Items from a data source

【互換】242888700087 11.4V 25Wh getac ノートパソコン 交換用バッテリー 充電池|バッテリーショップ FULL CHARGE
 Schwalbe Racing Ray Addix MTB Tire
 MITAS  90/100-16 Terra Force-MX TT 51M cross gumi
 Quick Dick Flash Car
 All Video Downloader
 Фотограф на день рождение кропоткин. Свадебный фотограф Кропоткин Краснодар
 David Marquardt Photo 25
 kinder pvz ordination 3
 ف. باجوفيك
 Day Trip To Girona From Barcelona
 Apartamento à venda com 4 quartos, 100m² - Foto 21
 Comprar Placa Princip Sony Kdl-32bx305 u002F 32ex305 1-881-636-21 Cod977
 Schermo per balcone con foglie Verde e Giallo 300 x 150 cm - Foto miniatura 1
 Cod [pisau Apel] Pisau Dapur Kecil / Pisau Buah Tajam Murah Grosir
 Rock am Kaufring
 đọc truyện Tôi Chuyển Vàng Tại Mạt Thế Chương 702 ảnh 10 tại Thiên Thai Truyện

## PROBLEM TO WORK ON
Word for word, write out all the lines shown above.

## SOLUTION TO THE PROBLEM
【互換】242888700087 11.4V 25Wh getac ノートパソコン 交換用バッテリー 充電池|バッテリーショップ FULL CHARGE
 Schwalbe Racing Ray Addix MTB Tire
 MITAS  90/100-16 Terra Force-MX TT 51M cross gumi
 Quick Dick Flash Car
 All Video Downloader
 Фотограф на день рождение кропоткин. Свадебный фотограф Кропоткин Краснодар
 David Marquardt Photo 25
 kinder pvz ordination 3
 ف. باجوفيك
 Day Trip To Girona From Barcelona
 Apartamento à venda com 4 quartos, 100m² - Foto 21
 Comprar Placa Princip Sony Kdl-32bx305 u002F 32ex305 1-881-636-21 Cod977
 Schermo per balcone con foglie Verde e Giallo 300 x 150 cm - Foto miniatura 1
 Cod [pisau Apel] Pisau Dapur Kecil / Pisau Buah Tajam Murah Grosir
 Rock am Kaufring
 đọc truyện Tôi Chuyển Vàng Tại Mạt Thế Chương 702 ảnh 10 tại Thiên Thai Truyện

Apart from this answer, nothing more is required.